__MATERIAL FOR THIS TASK__:
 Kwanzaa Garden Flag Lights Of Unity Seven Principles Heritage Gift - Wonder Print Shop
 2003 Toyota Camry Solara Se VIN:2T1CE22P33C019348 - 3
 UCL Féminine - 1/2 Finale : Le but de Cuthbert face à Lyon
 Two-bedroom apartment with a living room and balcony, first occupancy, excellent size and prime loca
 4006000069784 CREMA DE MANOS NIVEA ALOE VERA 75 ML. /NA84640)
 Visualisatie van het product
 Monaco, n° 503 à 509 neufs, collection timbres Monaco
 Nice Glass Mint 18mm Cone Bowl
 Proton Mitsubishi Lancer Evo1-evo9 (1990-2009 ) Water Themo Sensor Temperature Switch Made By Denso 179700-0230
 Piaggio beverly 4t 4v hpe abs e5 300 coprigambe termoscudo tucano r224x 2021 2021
==
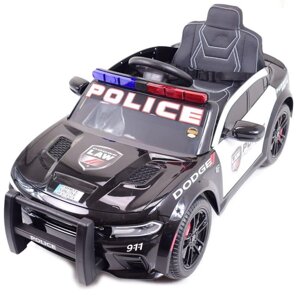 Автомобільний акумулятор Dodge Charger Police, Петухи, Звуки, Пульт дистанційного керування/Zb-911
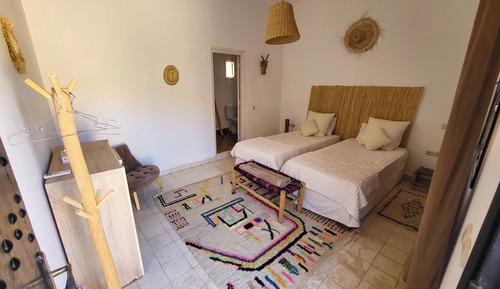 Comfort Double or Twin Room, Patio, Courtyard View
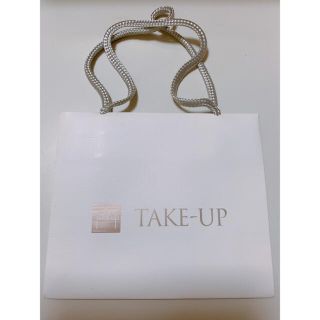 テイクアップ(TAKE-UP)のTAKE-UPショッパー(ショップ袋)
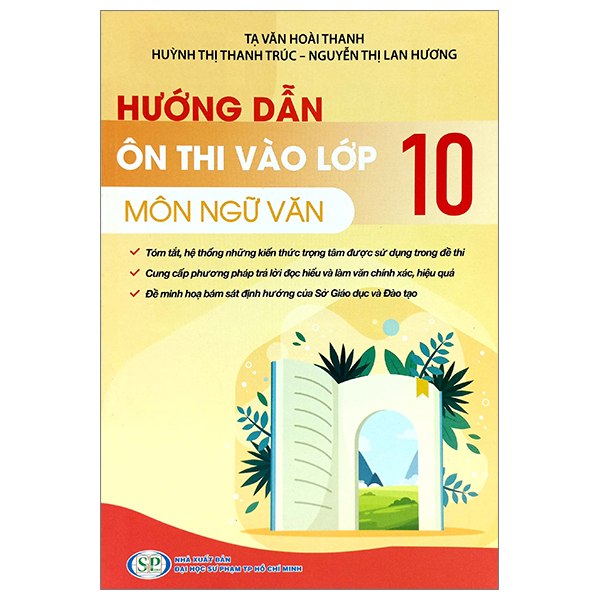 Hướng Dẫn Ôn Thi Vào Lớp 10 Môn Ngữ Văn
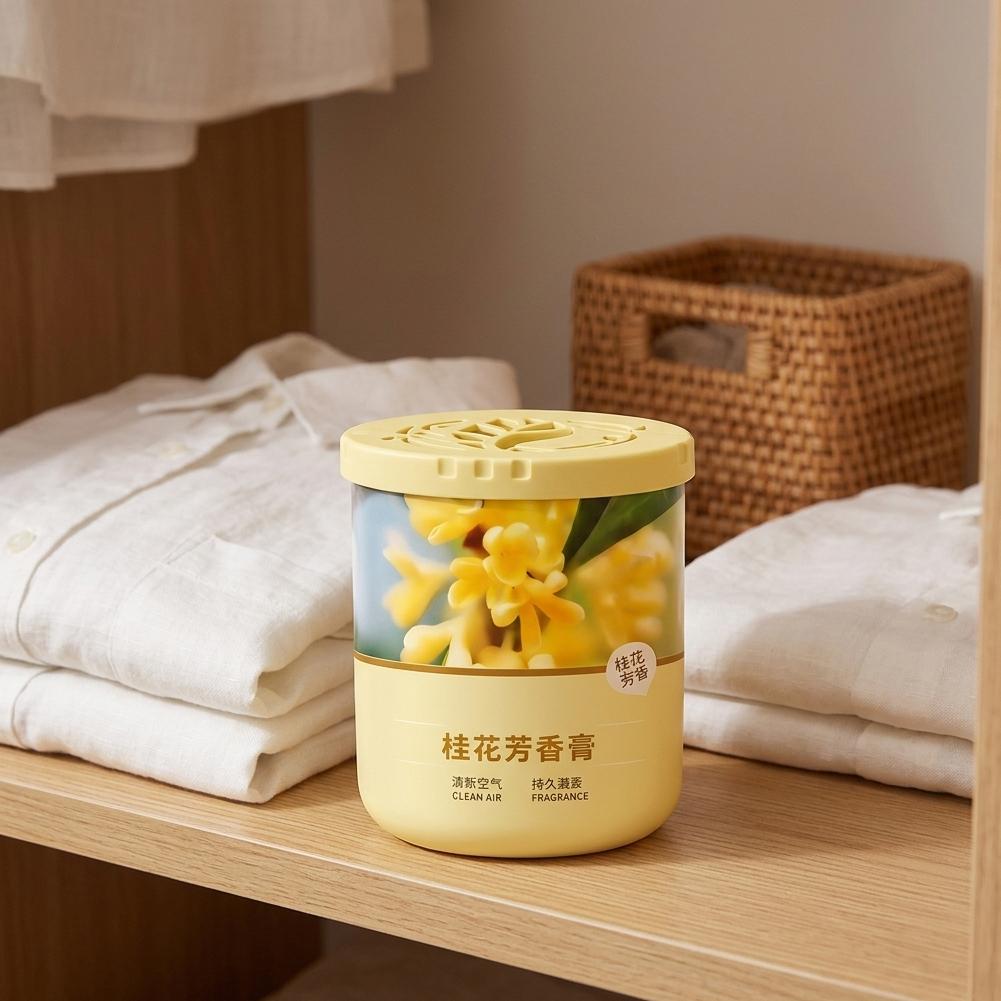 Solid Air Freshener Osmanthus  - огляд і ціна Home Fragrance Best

__WHAT YOU NEED TO DO__: Out of the material above, output word for word the line with "Kwanzaa Garden Flag", the line with "Piaggio beverly 4t", and all lines between them, with nothing else.

__ANSWER BELOW__:
 Kwanzaa Garden Flag Lights Of Unity Seven Principles Heritage Gift - Wonder Print Shop
 2003 Toyota Camry Solara Se VIN:2T1CE22P33C019348 - 3
 UCL Féminine - 1/2 Finale : Le but de Cuthbert face à Lyon
 Two-bedroom apartment with a living room and balcony, first occupancy, excellent size and prime loca
 4006000069784 CREMA DE MANOS NIVEA ALOE VERA 75 ML. /NA84640)
 Visualisatie van het product
 Monaco, n° 503 à 509 neufs, collection timbres Monaco
 Nice Glass Mint 18mm Cone Bowl
 Proton Mitsubishi Lancer Evo1-evo9 (1990-2009 ) Water Themo Sensor Temperature Switch Made By Denso 179700-0230
 Piaggio beverly 4t 4v hpe abs e5 300 coprigambe termoscudo tucano r224x 2021 2021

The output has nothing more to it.